The road that could revive ‘dying’ towns
Saturday, 9th January, 2021
By Travis Radford
A dirt road running through a remote Shire in Queensland’s south-west corner could hold the key to helping the Far West’s ‘dying’ towns.
Bulloo Shire Mayor John Ferguson has been lobbying the Queensland Government for the last five to six years for a 150 kilometre-long stretch of road running through his Shire to be sealed.
“This [is] not just a little pet project for the Bulloo Shire. This will benefit all of Queensland and NSW,” he said.
“The whole project is to build these [regional] towns [and] to get more people out in the West.
“They won’t come any further [than Tibooburra] because the road’s no good,” said Mayor Ferguson.
This road is the Warri Gate Road.
Pressure for its sealing has ramped up in recent months as the sealing of the last section of the Silver City Highway, that connects the Warri Gate to NSW, nears its 2022 completion date.
“We seem to be still getting a lot more travellers around this time of the year when normally we wouldn’t,” said Packsaddle Roadhouse employee Glenice Gilby.

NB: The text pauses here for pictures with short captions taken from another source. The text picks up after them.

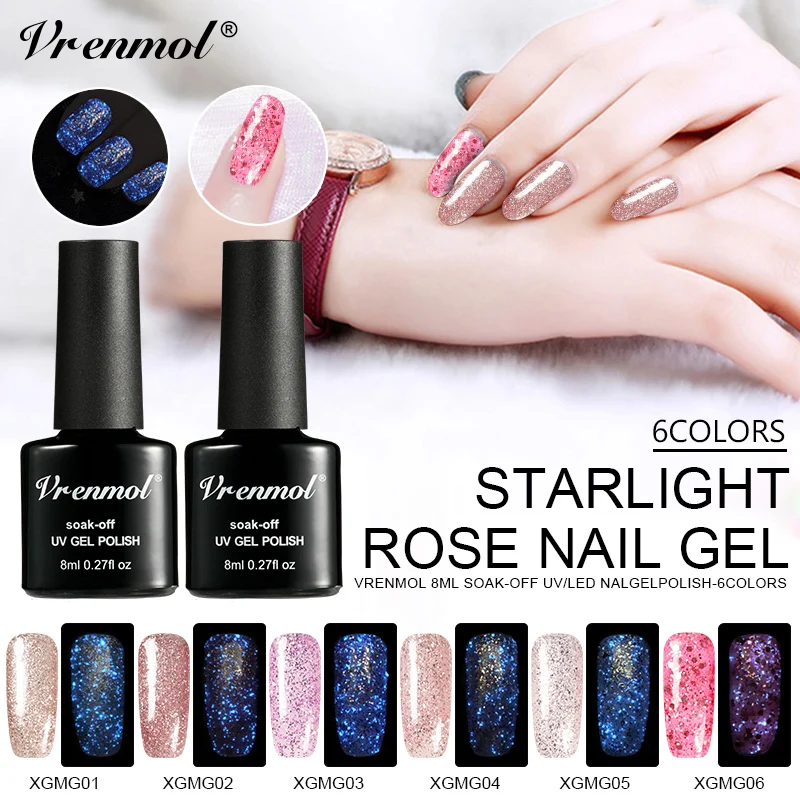 Vrenmol 3D Glitter Fluorescent Night Glow In Dark Nail Gel Polish Lacquer Luminous Rose Gold Nail Gel Starry LED UV Lamp
Vrenmol 3D Glitter Fluorescent Night Glow In Dark Nail Gel Polish Lacquer Luminous Rose Gold Nail Gel Starry LED UV Lamp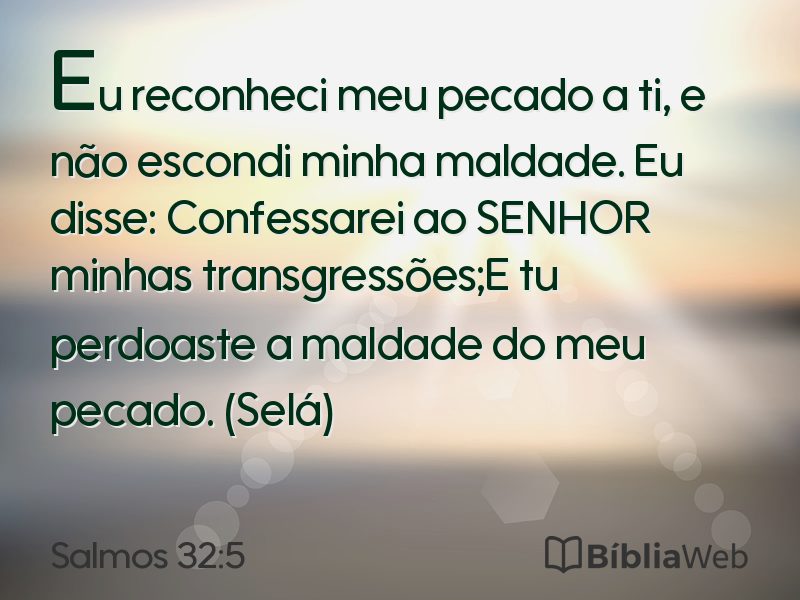 Salmos 32:5 em imagem para compartilhar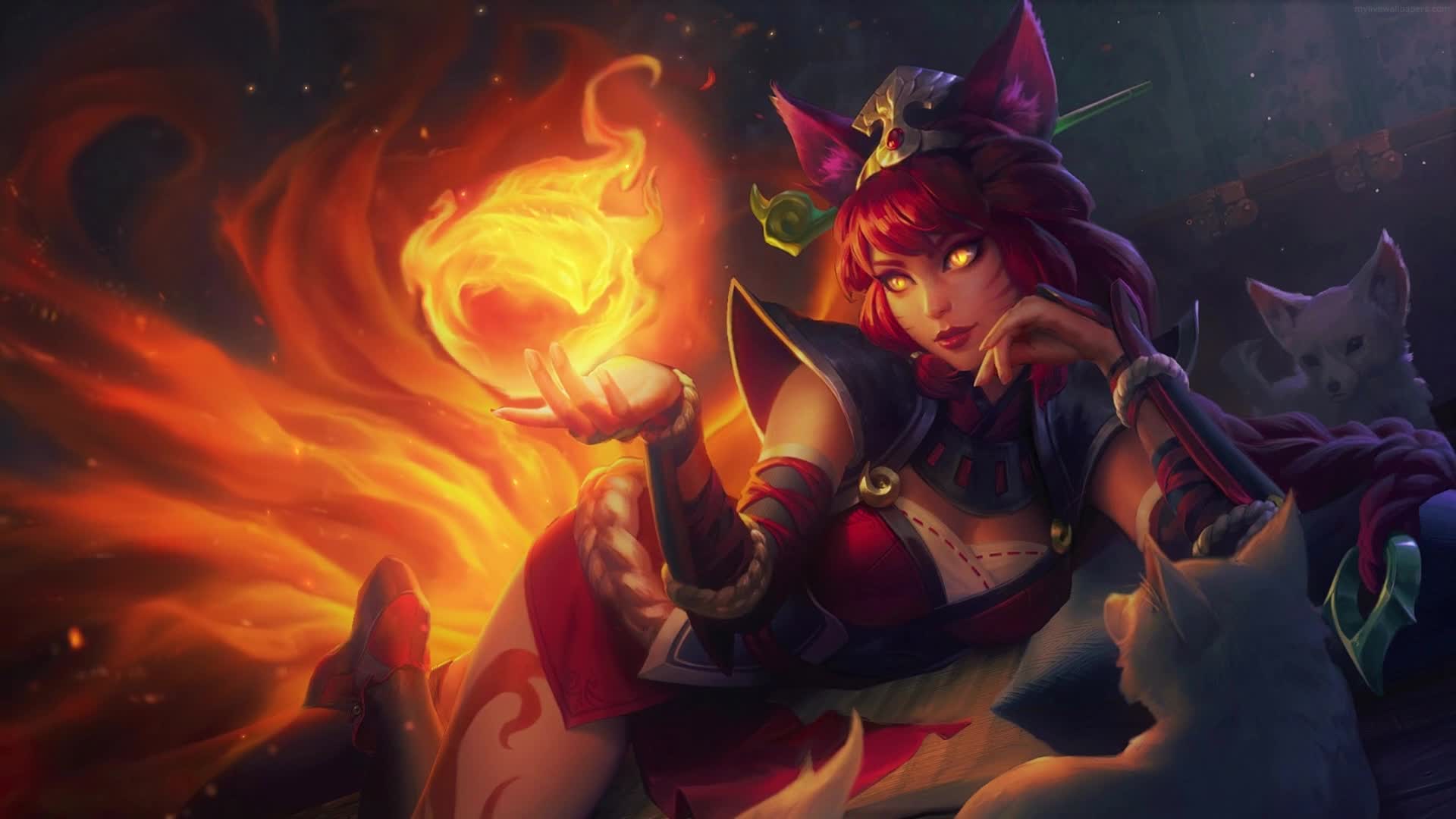 Ahri Fireball LoL Live Wallpaper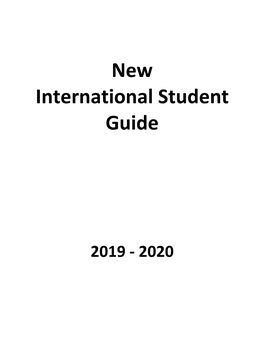 New International Student Guide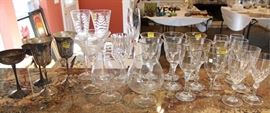 Box lot of glassware, some crystal, silver plate
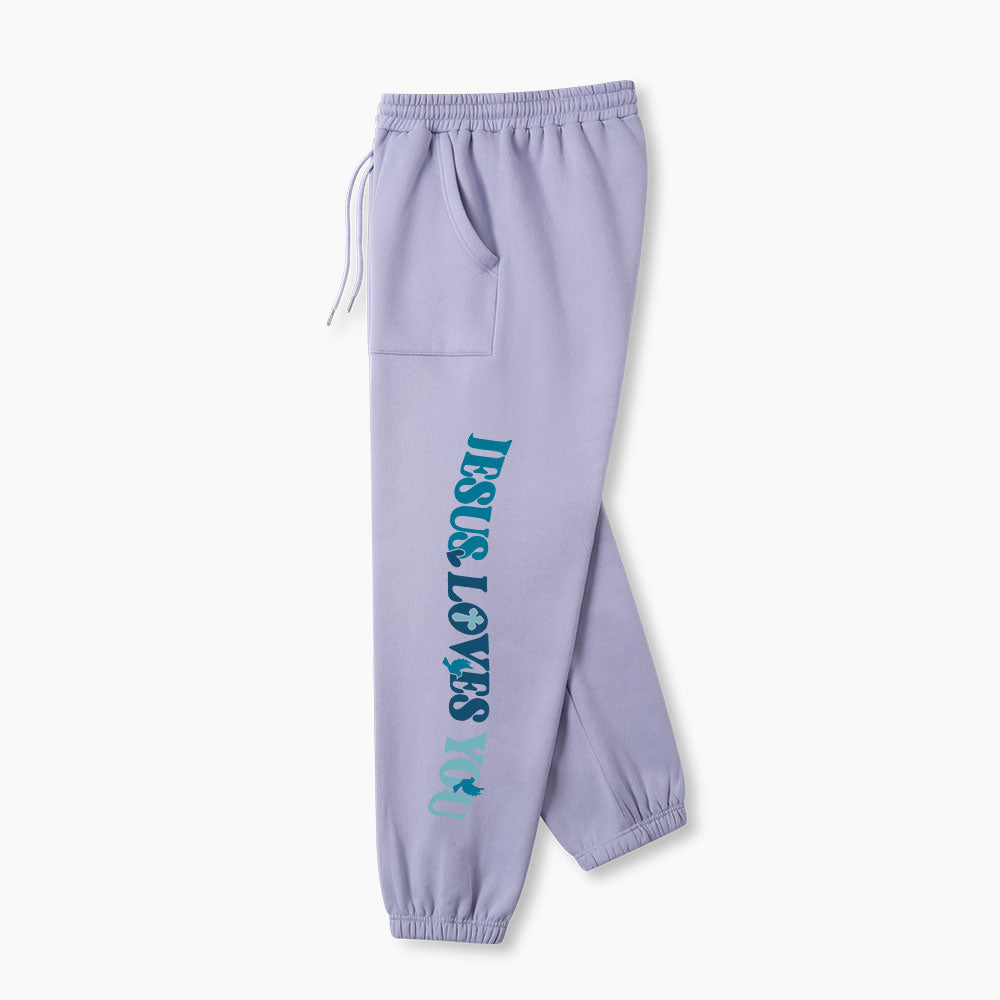 Jesus Loves You Christian Fleece Sweatpants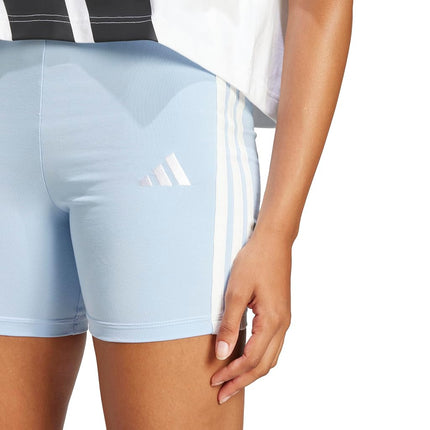 adidas Women's Essentials 3-Stripes High-Waisted Biker Shorts, Blue/White, X-Small, Blue/White, XS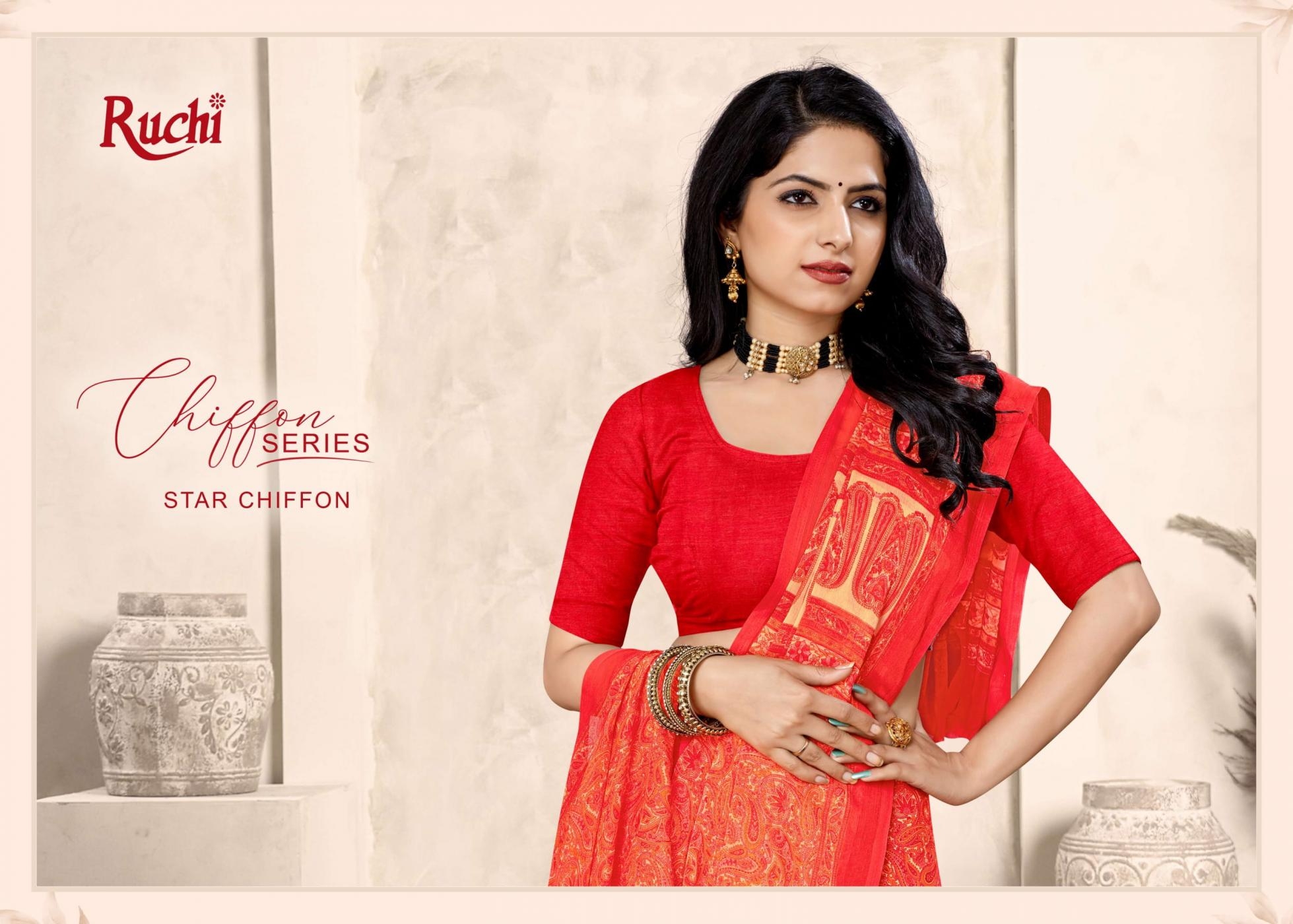 ruchi star chiffon vol 213 series 50601A to 50602B pretty look sarees in wholesale surat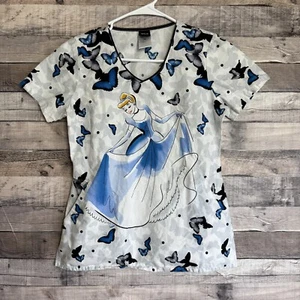 Disney Cinderella Tooniforms Scrubs V Neck Top XS pockets - Picture 1 of 9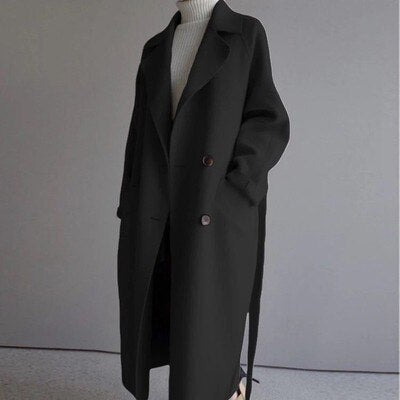 Classic Long Black Wool Coat – Warm Blend 5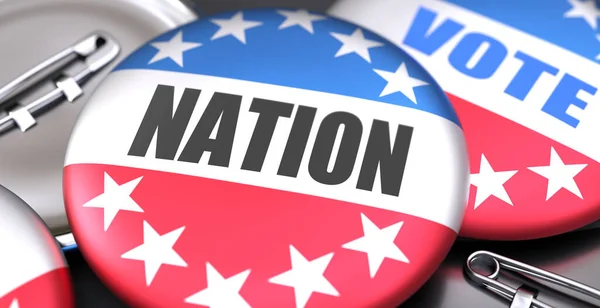 Nation Und Wahlen Den Usa Dargestellt Als Pin Back Buttons — Stockfoto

Ms Gilby said the sealing of the Silver City Highway had been a silver lining for her town and business during the pandemic, with this and last year’s increased numbers of domestic travellers no longer having to brave a dirt road, that she said was subject to flooding and bogging.
But Ms Gilby said the majority of new travellers are from surrounding NSW towns, like Broken Hill.
“It [sealing the Warri Gate Road] would definitely build up the business heaps.
“It would certainly boost the whole Western Division out here,” she said.
Parkes MP Mark Coulton is one of a handful of federal and state ministers, including Deputy Prime Minister Michael McCormack, who Mayor Ferguson said have shown interest in the project.
Mr Coulton said the road is the “missing link” between Queensland and NSW.
“The potential for opening up Western NSW ... is enormous.
“But ultimately, that section of road is the responsibility of the Queensland Government,” he said.
A Queensland government spokesperson said in a statement that the government was rather focusing on its Second Bruce Highway Plan that “delivers the widest benefits to Queensland”.
But Mayor Ferguson said “it doesn’t do anything for the bush”.
“There’s no votes out here for them [Labor],” he said.
The spokesperson, in the same statement, recommended that Mayor Ferguson use “funding available to him under the TIDS scheme”.
The Queensland government announced $280 million in Transport Infrastructure Development Scheme (TIDS) funding over the next four years that is given to councils to fund local road projects.
But Mayor Ferguson said his Council did not have the money to do that, as they would have to match any TIDS funding, given the Warri Gate Road is classed as a council road, rather than a state road.
Bulloo Shire Council sealed 10 kilometres of the Warri Gate Road last year, but Mayor Ferguson estimated that without state funding, sealing the road would take his Council 20 years to complete.
He estimated that state funding could have it finished in ten.
If the Queensland government nominated the Warri Gate Road for the Federal Government’s Roads of Strategic Importance Scheme and was successful, they would only pay 20% of the project’s cost.
Mayor Ferguson said he doesn’t believe a Queensland Labor Government would ever deliver the project.